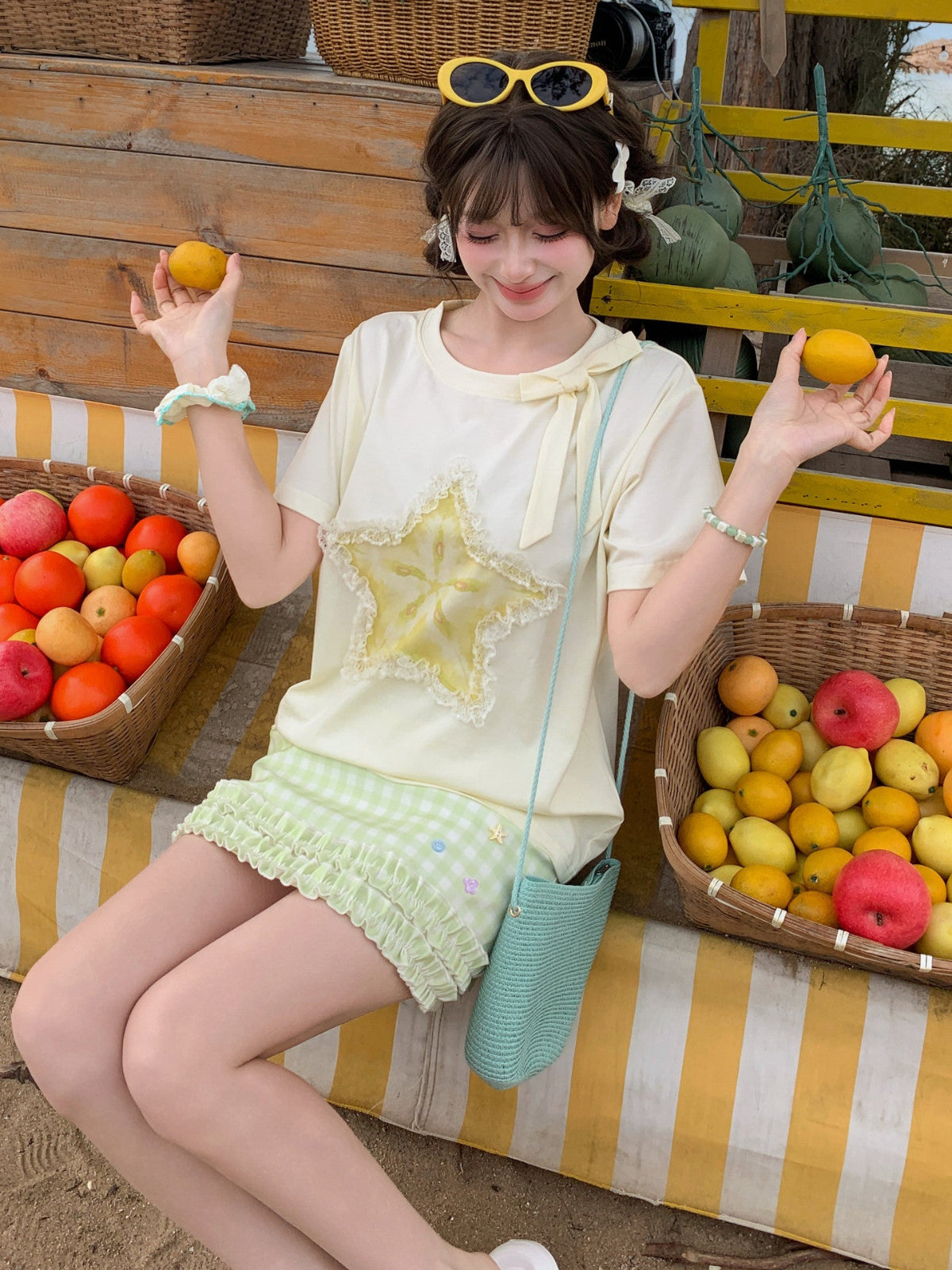 Starfruit Matcha Ribbon Tee-Tops-ntbhshop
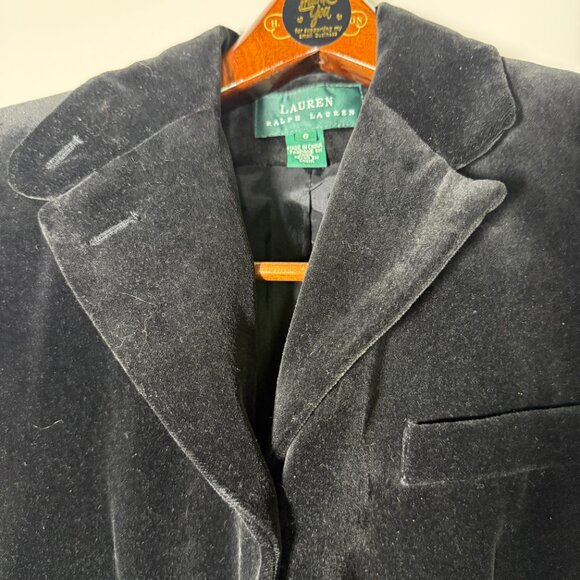 Lauren Ralph Lauren Black Velvet/Velour Suit- Blazer Sz 8 Pants Sz 10 Holiday - Picture 3 of 15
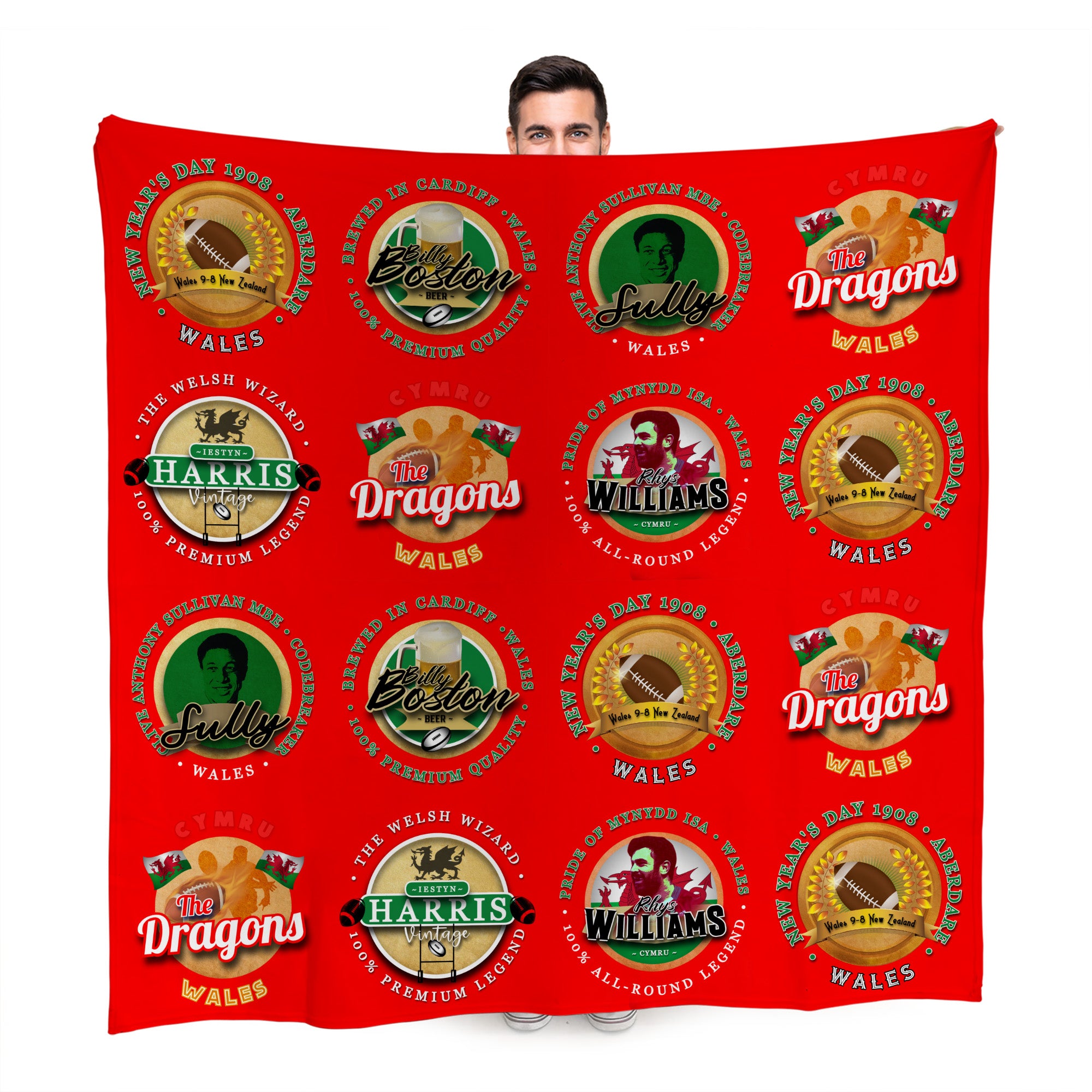 Wales Rugby League - Legend Collection - Fleece Blanket 150cm X 150cm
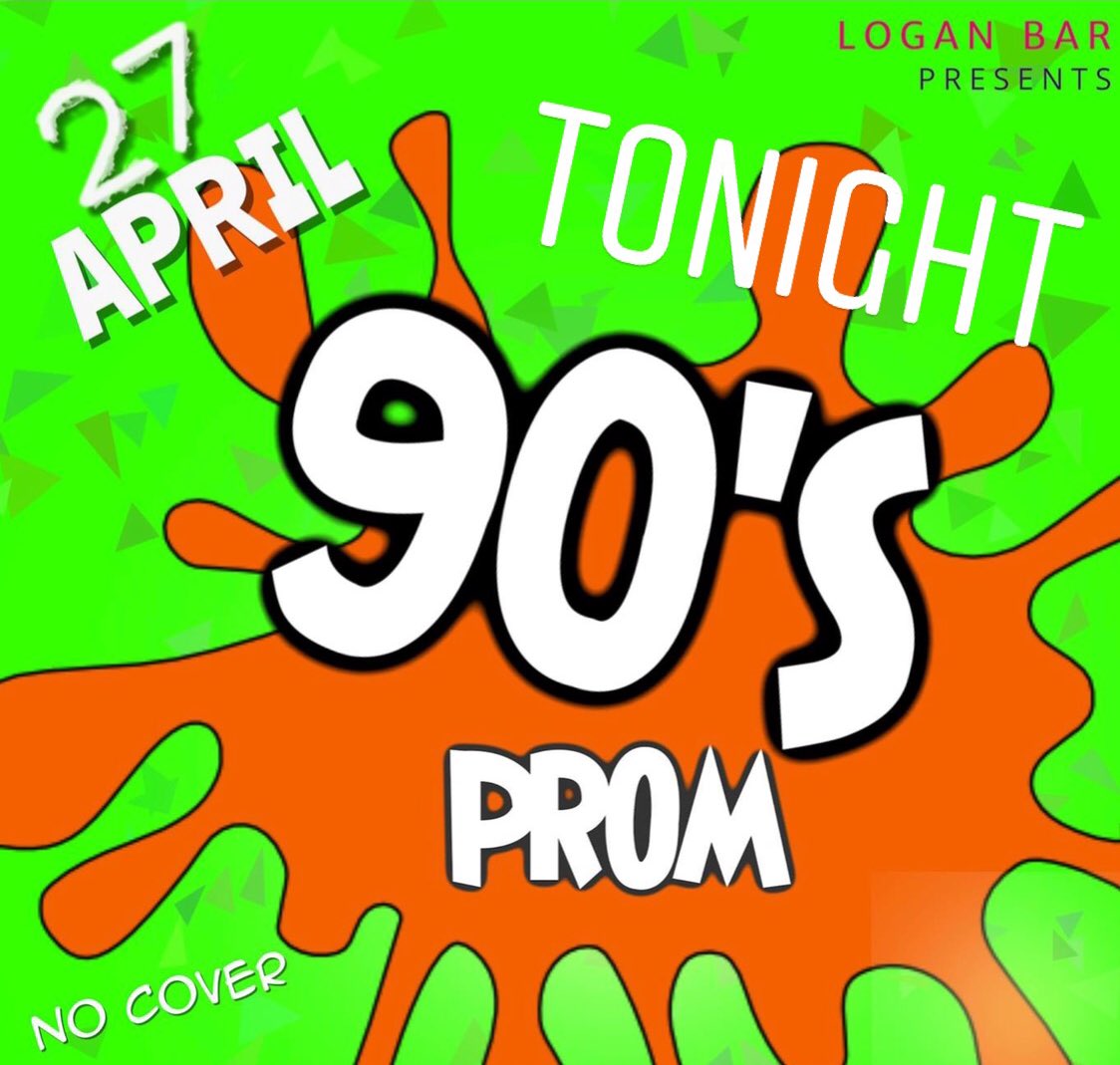 Loganbar's tweet photo. Tonight is the night! Our #90sprom with the Teenage Mutant @90sturtles! No cover, prizes for best costumes and Romy & Michelle themed drink specials all night! #90sparty #logansquare https://t.co/OCGxBGgkH3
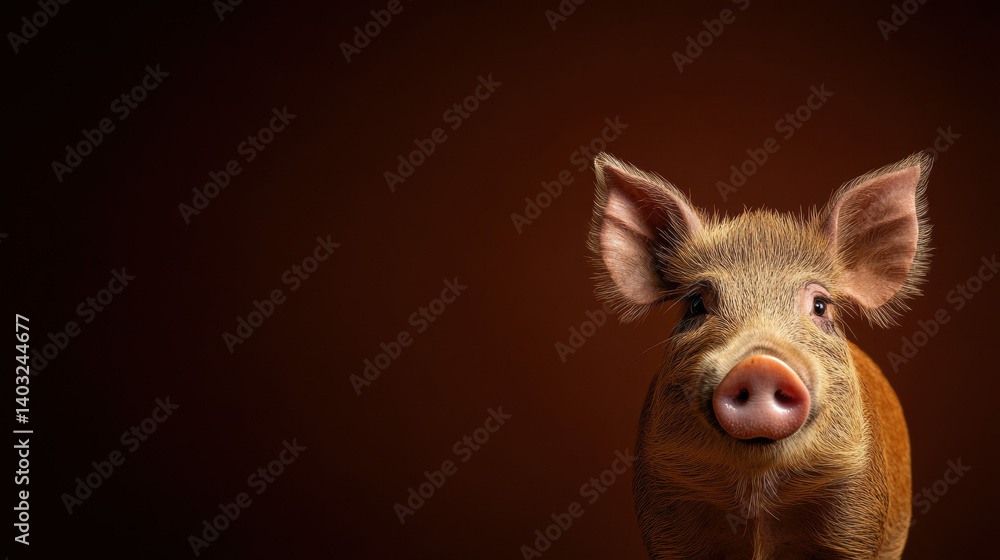 Fototapeta premium Animals with scary teeth, Wild boar with tusks on a solid background, showcasing high fidelity in a stock image format.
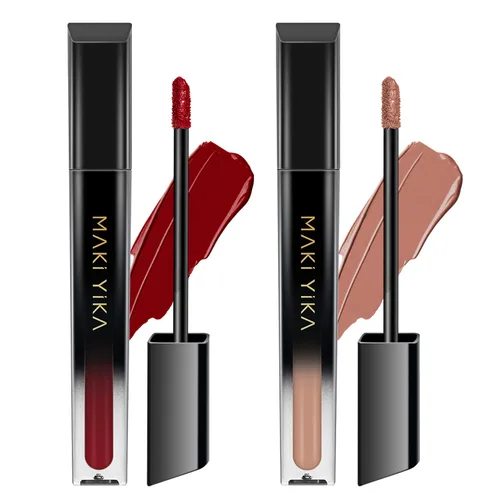 Vista 38 de MAKI YIKA Juego de 3 lápices labiales líquidos mate, color negro y rojo Negro/Rojo Oscuro/Desnudo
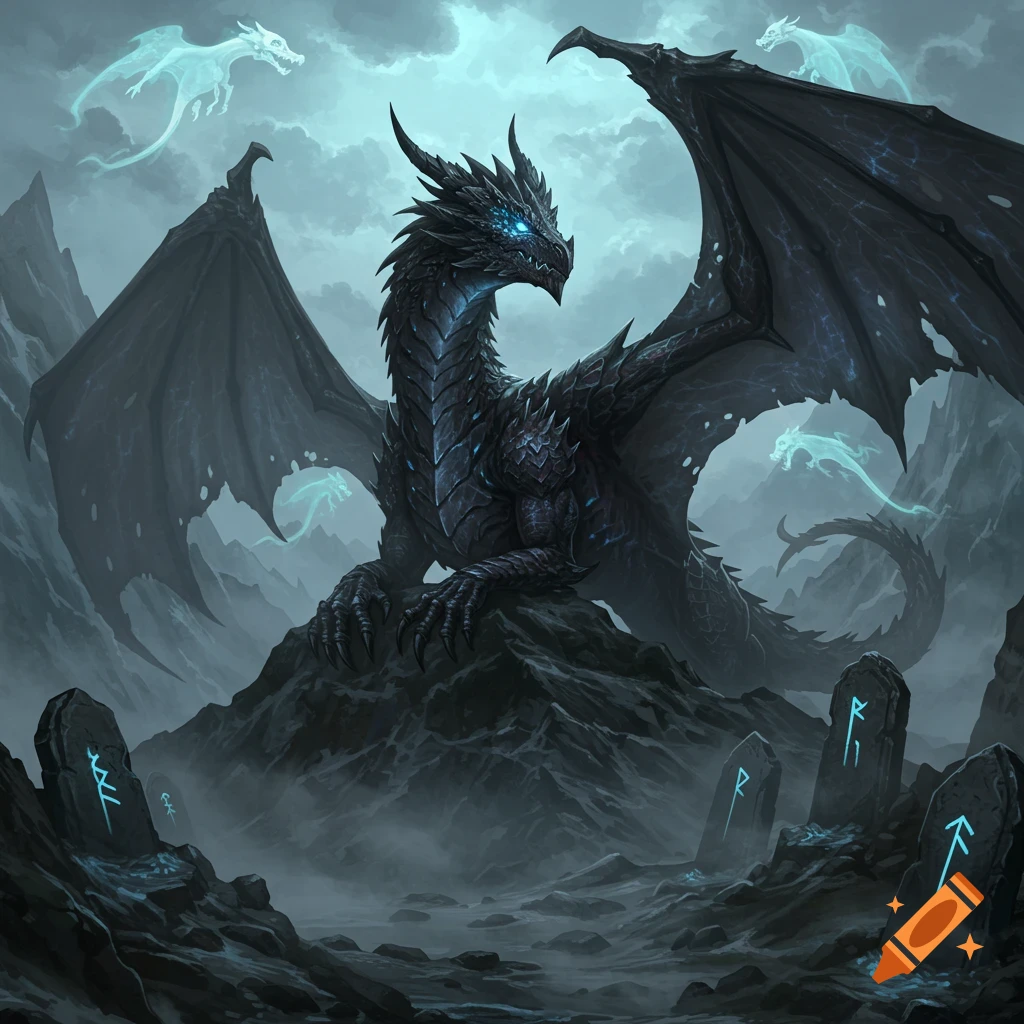 A dark, armored dragon with glowing blue eyes rests on a rocky mountain, surrounded by ethereal ghost dragons and glowing runestones.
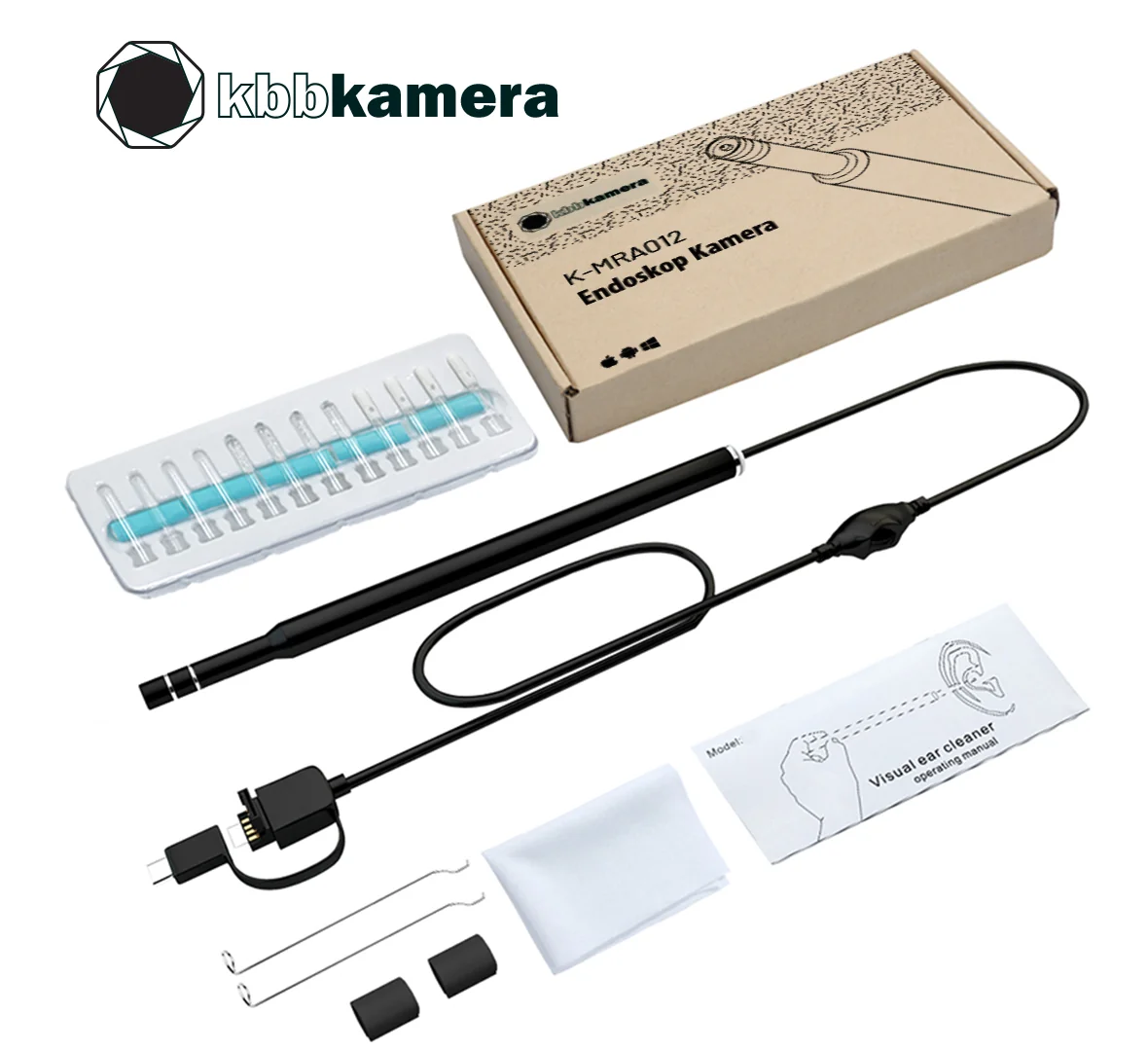 K-MRA012 endoskop kamera kutu içeriği: kamera, uçlar, USB adaptör, temizlik bezi ve kullanım kılavuzu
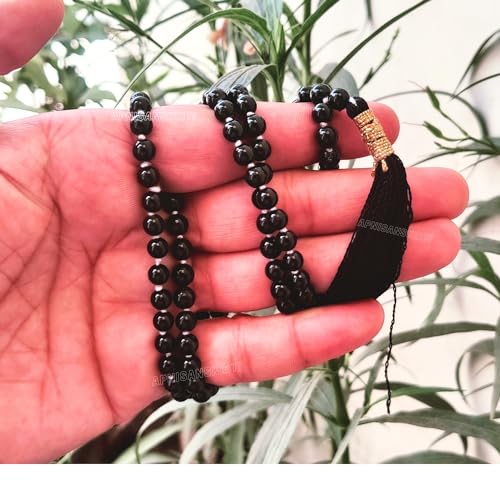 Image of Apnisanskriti Premium Black Tourmaline Stone Mala for Men and Women (6mm, AAA Quality, Lab Certified, 108+1) - Natural Stone Beads Mala - Pack of 1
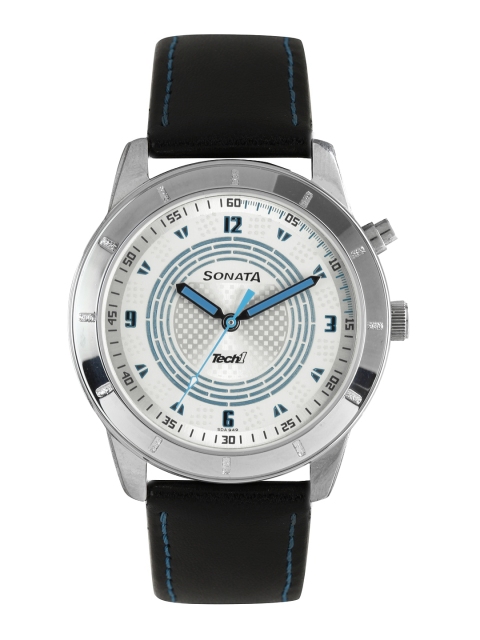 

Sonata Men White & Silver Toned Dial Watch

[Work required]:
Copy out exactly, without any pictures, the lines above that begin at the one with "K-MRA012 endoskop kamera" and end at the last line of the listing.

[Response to this task]:
 K-MRA012 endoskop kamera kutu içeriği: kamera, uçlar, USB adaptör, temizlik bezi ve kullanım kılavuzu
 Image of Apnisanskriti Premium Black Tourmaline Stone Mala for Men and Women (6mm, AAA Quality, Lab Certified, 108+1) - Natural Stone Beads Mala - Pack of 1

Sonata Men White & Silver Toned Dial Watch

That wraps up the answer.